This pic is more or less the spirit of this Forum , this describes what adventure is, what overlanding is, what travelling the unknown lands in a 4x4 is , this proofs that the true sense of world travelling is more about the journey than the destination.... my respects for taking such high risk to feed your soul of a traveller and my appreciation to give us this report.
There is a good quote from Tim Butcher's book Blood River where a Congolese man tries to charge him over $2000/night to stay in his run down B&B/hotel, so he just shrugs his shoulders and camps outside with the same 200 onlookers Frederik is experiencing, when he gets to a mission later on and questions it, they say to him "what did you expect? how many black men do you see camping?" suggesting that when people travel or 'holiday' (for want of a loser term) they spend big $$$ and stay in the best places and eat the best food.
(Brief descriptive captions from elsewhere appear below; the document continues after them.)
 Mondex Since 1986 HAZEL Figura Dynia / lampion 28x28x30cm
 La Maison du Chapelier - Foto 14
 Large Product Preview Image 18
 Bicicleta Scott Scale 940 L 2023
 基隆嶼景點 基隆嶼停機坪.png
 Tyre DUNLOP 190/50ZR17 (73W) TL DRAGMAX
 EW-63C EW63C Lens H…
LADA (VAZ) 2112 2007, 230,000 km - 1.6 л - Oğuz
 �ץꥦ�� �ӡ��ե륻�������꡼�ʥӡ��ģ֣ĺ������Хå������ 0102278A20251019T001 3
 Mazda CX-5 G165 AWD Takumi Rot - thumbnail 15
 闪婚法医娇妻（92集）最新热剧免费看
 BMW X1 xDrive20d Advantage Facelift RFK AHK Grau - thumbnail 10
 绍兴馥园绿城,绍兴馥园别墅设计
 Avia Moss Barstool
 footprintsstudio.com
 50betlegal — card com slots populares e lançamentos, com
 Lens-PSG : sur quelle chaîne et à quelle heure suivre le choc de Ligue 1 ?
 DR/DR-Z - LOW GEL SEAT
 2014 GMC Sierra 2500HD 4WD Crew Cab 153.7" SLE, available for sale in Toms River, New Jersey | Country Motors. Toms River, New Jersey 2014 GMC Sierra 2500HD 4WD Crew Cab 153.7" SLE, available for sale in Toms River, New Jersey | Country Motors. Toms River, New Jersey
Thats another good read (but this one is better :coffeedrink
I do often wonder that the 3rd world are trying to find their feet and (some) look up to western concepts etc, whilst (some) people like ourselves are trying to get away from western civilisation for (quite often) 3rd world countries!
Nope, no winch. We would have used it often if we had one, but at when we were preparing for the trip we could choose between buying a winch, or an extra month on the road. We went for the extra month.
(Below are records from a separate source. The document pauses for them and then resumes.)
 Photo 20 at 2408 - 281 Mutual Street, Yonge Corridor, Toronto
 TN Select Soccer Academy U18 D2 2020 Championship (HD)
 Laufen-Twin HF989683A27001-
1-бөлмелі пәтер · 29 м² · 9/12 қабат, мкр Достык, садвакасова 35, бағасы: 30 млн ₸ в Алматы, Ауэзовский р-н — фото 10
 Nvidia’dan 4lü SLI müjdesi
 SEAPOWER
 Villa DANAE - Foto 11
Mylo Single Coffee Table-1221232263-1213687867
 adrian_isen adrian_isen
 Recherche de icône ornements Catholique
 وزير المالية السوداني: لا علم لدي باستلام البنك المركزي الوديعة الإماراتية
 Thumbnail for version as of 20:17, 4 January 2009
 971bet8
A winch can be handy, but there is always an alternative. Sometimes it meant it takes days to get out, instead of minutes.
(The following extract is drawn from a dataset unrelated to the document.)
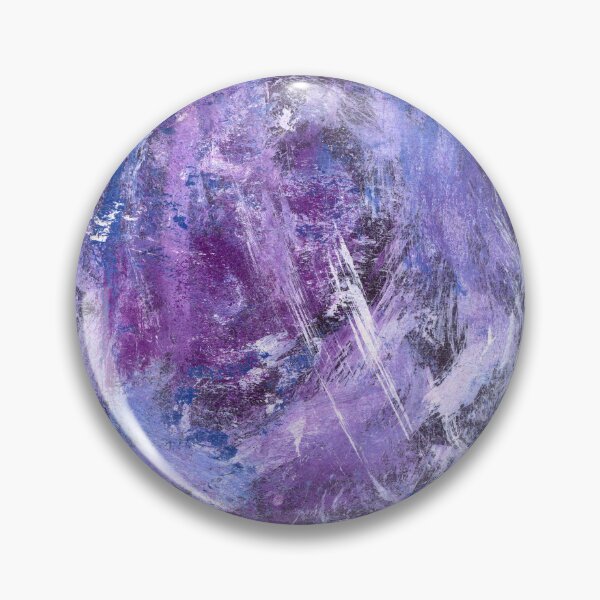 Item preview, O u t e r s a n c t u m  designed and sold by crystalline.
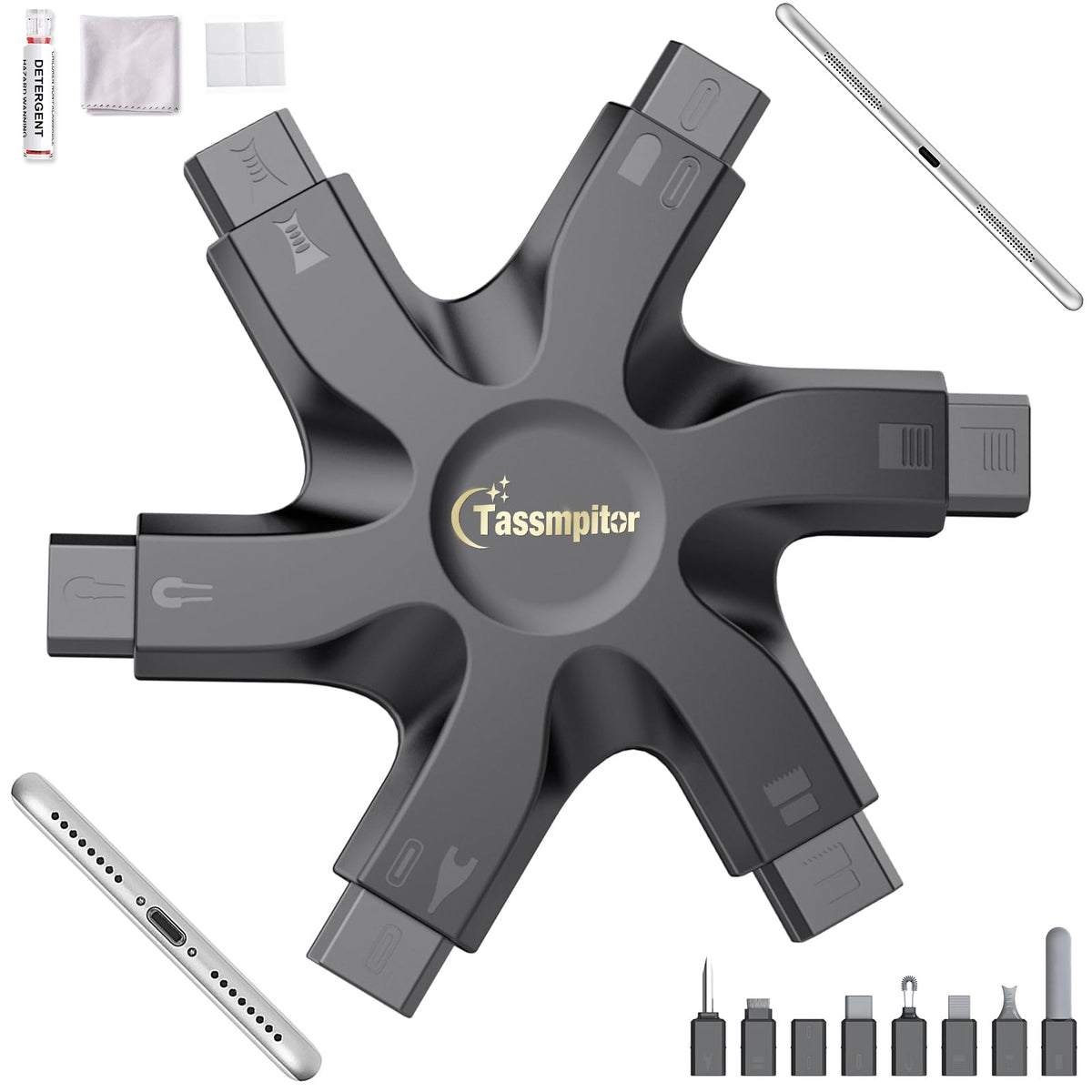 {{Product title}} | Buy from the USA & Ship Worldwide | 2PriceTags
We had been driving in akward angles a lot, and a few times already we could feel two wheels lifting off, but until now we managed to always end up on our 4 wheels. Until now..
We had two wheels in the air and we were resting on our side. Luckily the eroded sidewall made sure we did not fall too deep. We knew it would happen sooner or later but the sound of bending sheetmetal still scared us a bit.
It was nothing spectacular (sorry ) but nevertheless, we were in a situation were our wheels were 20 cm off the ground. We do not have locking differentials by the way.
We got our shovel out again :roll: and starting to add ground underneath our wheels to make them grip again and made the next few meters a bit more level hoping that we would righten ourselves again. It worked like a charm but it was a great amount of work. Damage was limited to a few extra dents.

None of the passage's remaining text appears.